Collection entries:
>>>

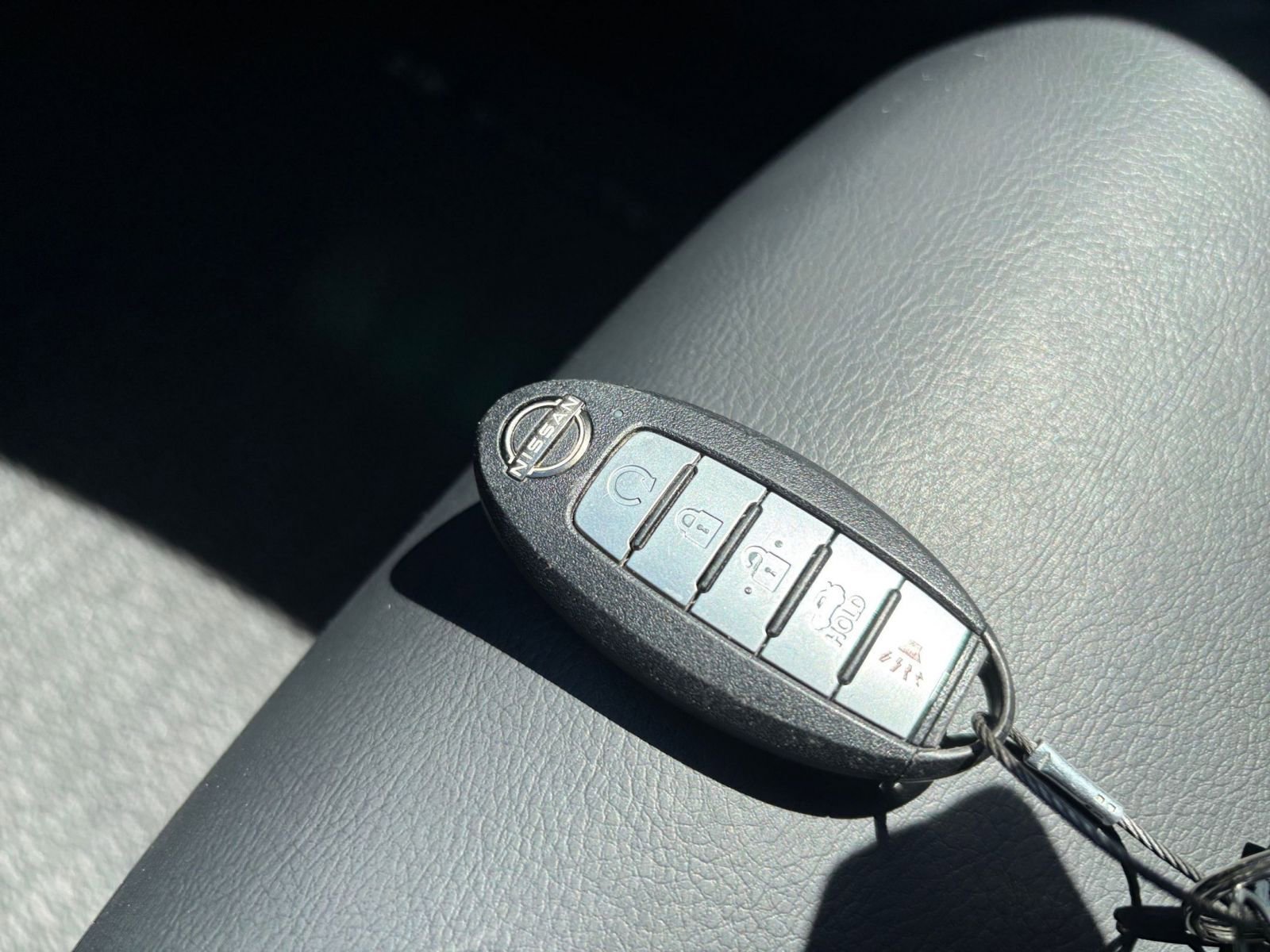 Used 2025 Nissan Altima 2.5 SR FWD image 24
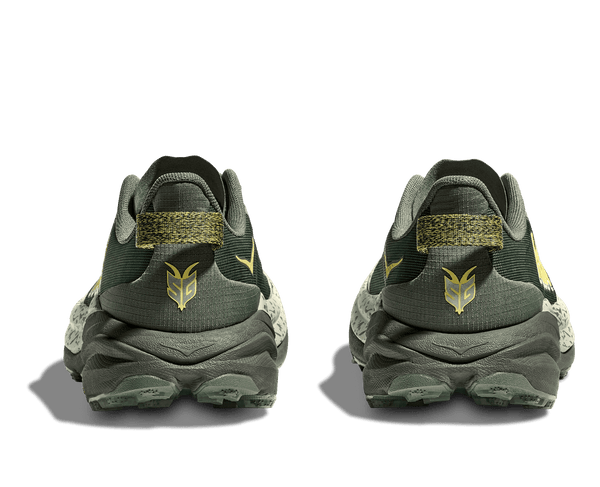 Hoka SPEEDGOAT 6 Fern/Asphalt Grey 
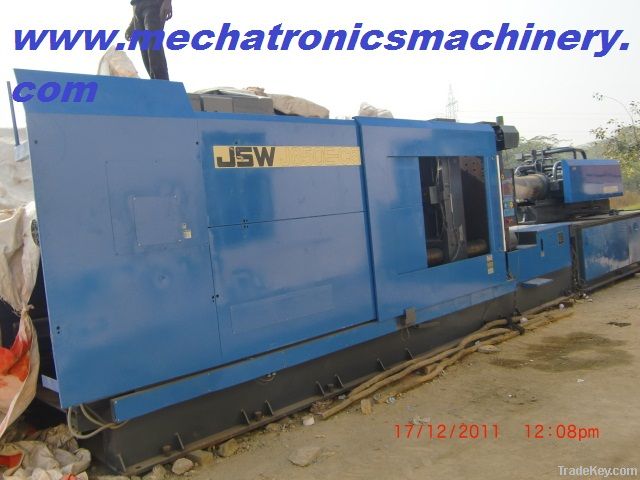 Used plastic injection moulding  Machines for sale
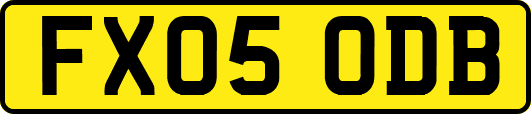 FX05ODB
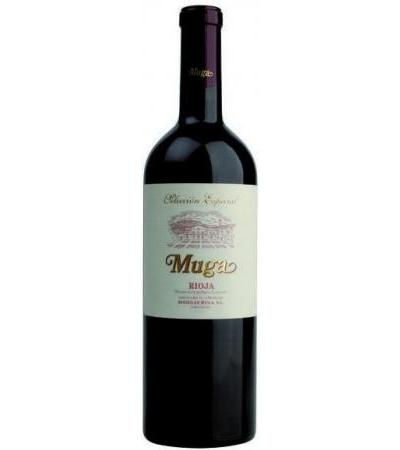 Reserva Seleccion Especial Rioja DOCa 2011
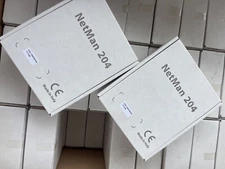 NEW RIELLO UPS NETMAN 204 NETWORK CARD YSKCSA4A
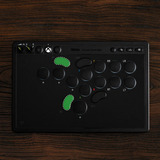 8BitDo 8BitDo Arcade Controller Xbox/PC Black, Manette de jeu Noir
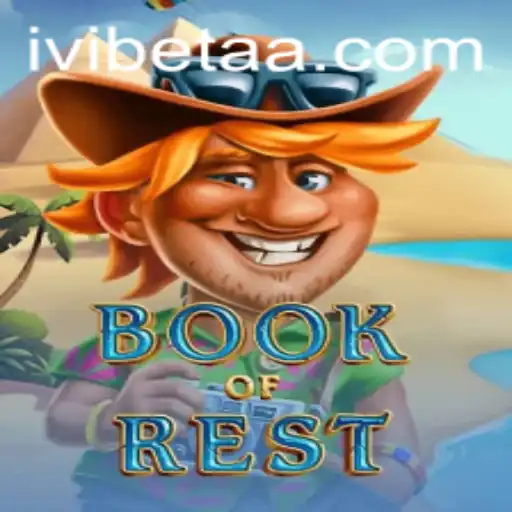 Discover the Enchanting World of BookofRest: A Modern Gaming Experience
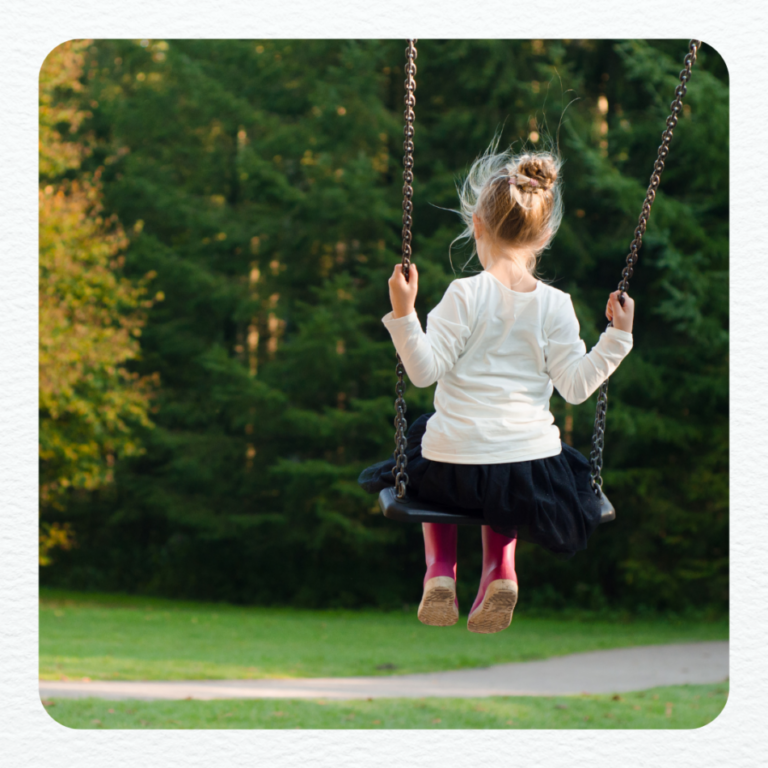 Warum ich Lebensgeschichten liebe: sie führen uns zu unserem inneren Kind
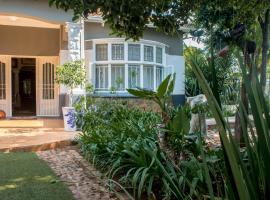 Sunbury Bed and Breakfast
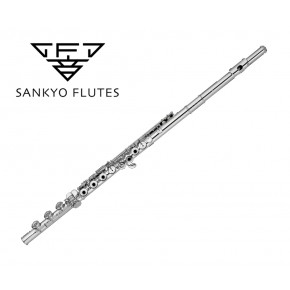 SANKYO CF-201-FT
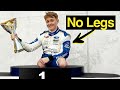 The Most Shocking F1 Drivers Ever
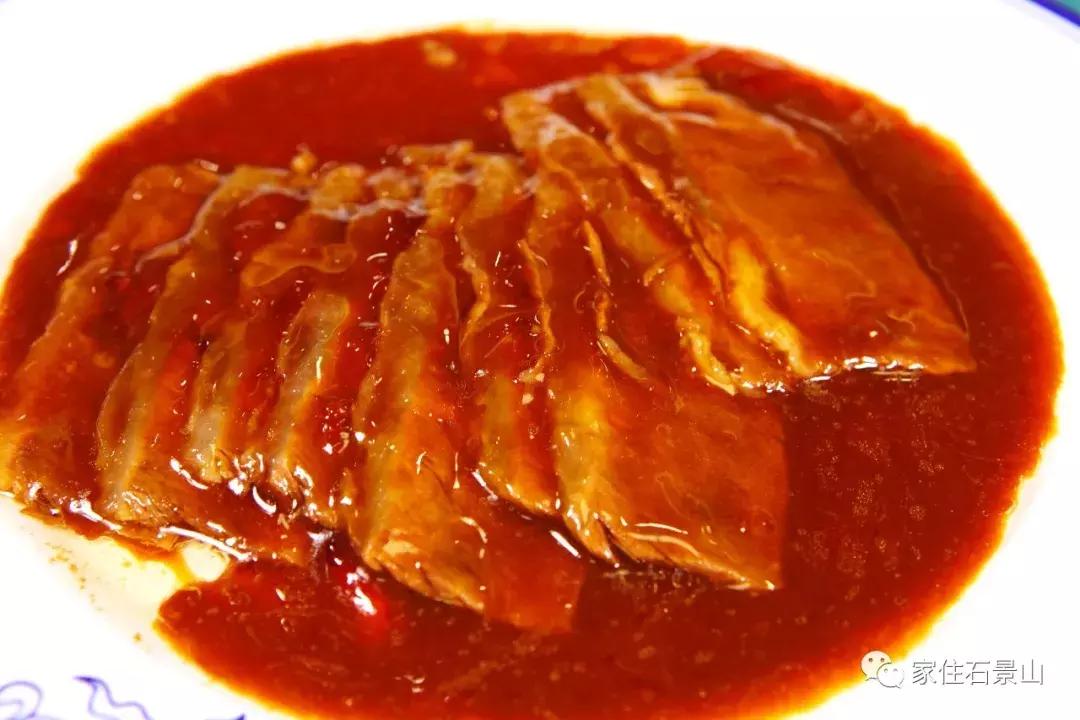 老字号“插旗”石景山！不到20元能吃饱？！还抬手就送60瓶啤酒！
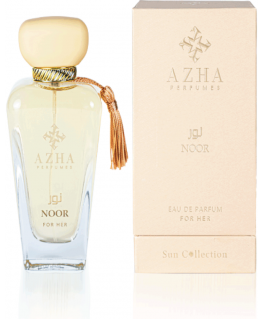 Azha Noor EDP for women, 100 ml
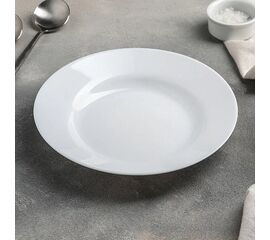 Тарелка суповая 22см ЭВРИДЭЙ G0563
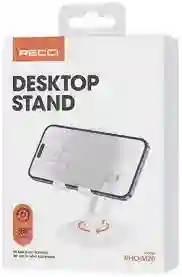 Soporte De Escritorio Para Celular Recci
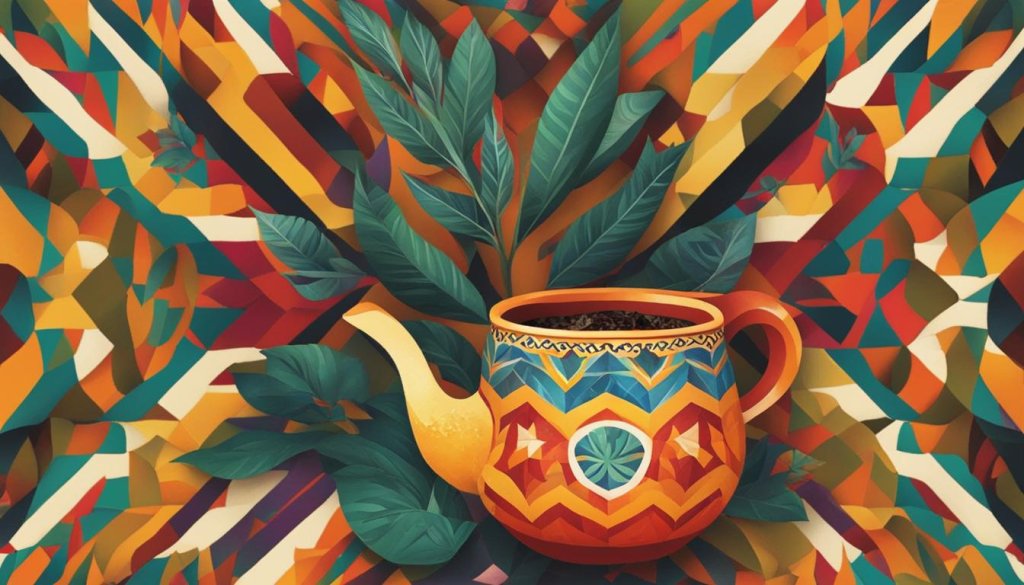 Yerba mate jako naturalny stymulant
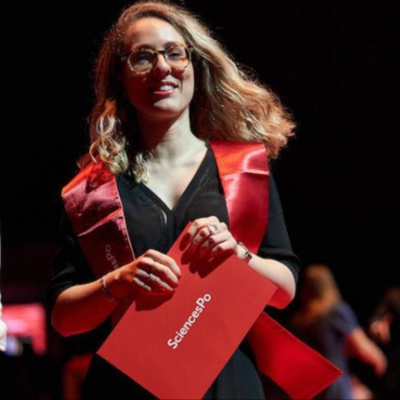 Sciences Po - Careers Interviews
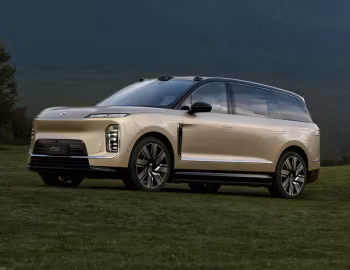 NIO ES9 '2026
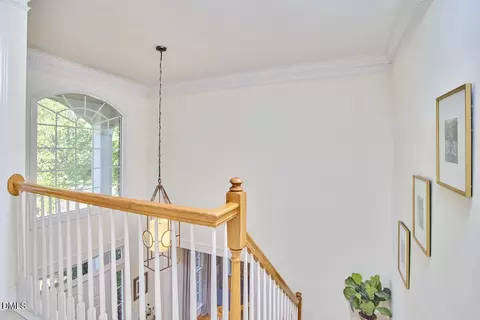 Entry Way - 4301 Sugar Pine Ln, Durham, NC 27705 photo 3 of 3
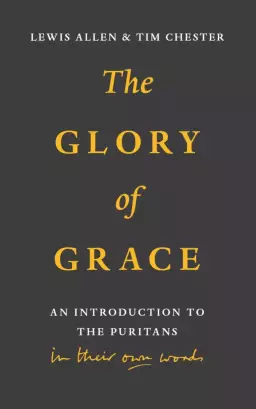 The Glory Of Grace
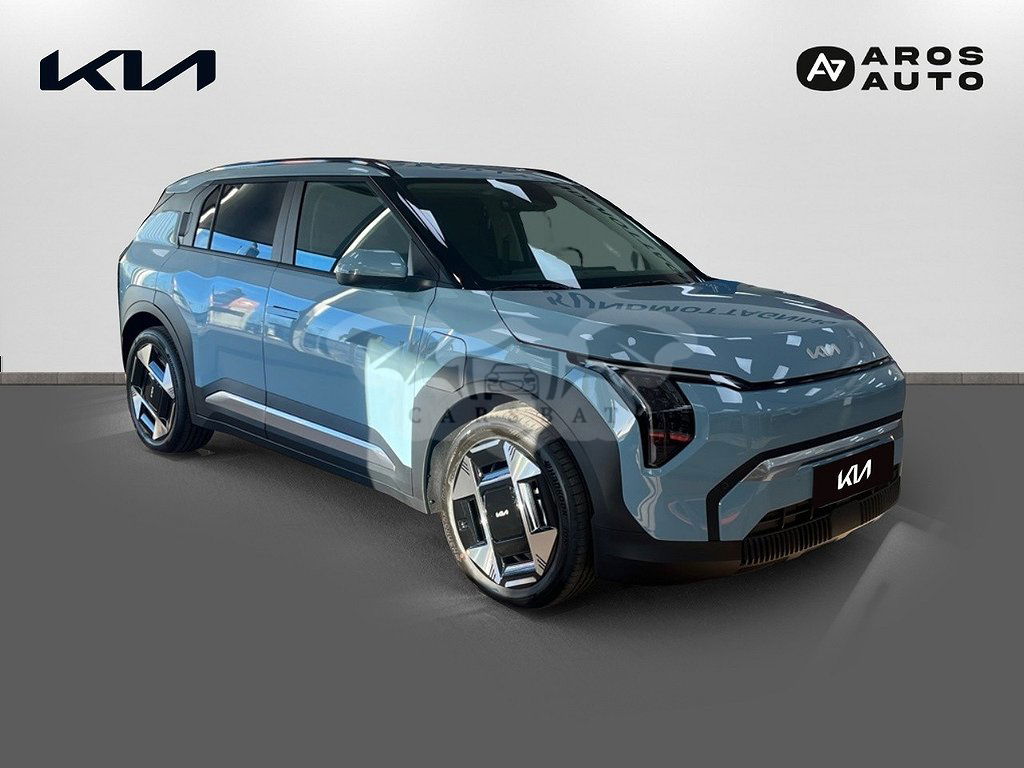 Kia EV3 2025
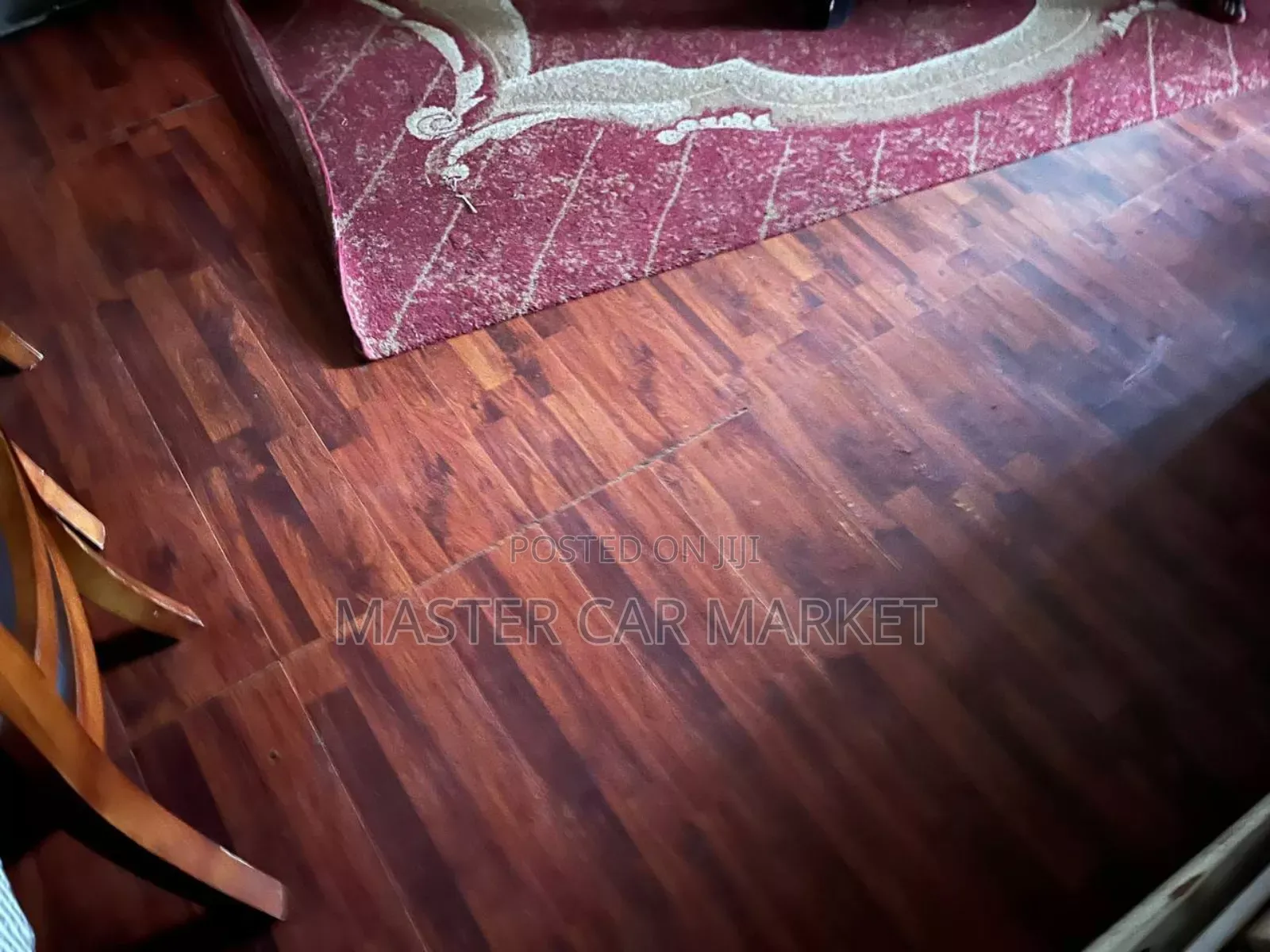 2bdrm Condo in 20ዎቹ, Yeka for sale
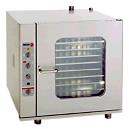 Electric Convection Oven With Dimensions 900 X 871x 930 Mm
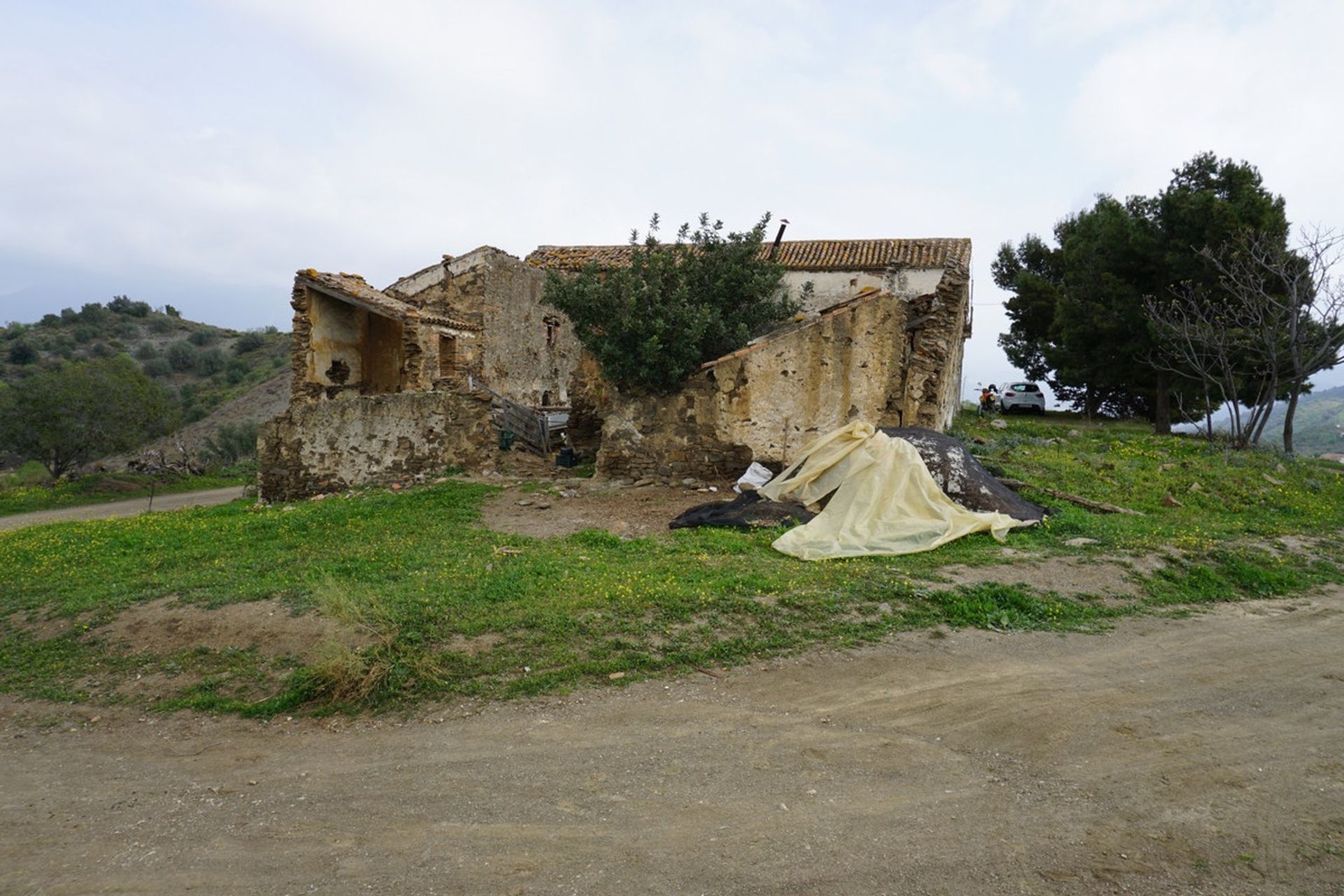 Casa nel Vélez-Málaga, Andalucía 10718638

<<<

BRIEF:
Leave the pictures out, and transcribe exactly the lines above starting at the one that contains "Yerba mate jako naturalny stymulant" and ending at the one that contains "Electric Convection Oven".

RESULT BELOW:
 Yerba mate jako naturalny stymulant
 Sciences Po - Careers Interviews
 NIO ES9 '2026
 Entry Way - 4301 Sugar Pine Ln, Durham, NC 27705 photo 3 of 3
 The Glory Of Grace
 Kia EV3 2025
 2bdrm Condo in 20ዎቹ, Yeka for sale
 Electric Convection Oven With Dimensions 900 X 871x 930 Mm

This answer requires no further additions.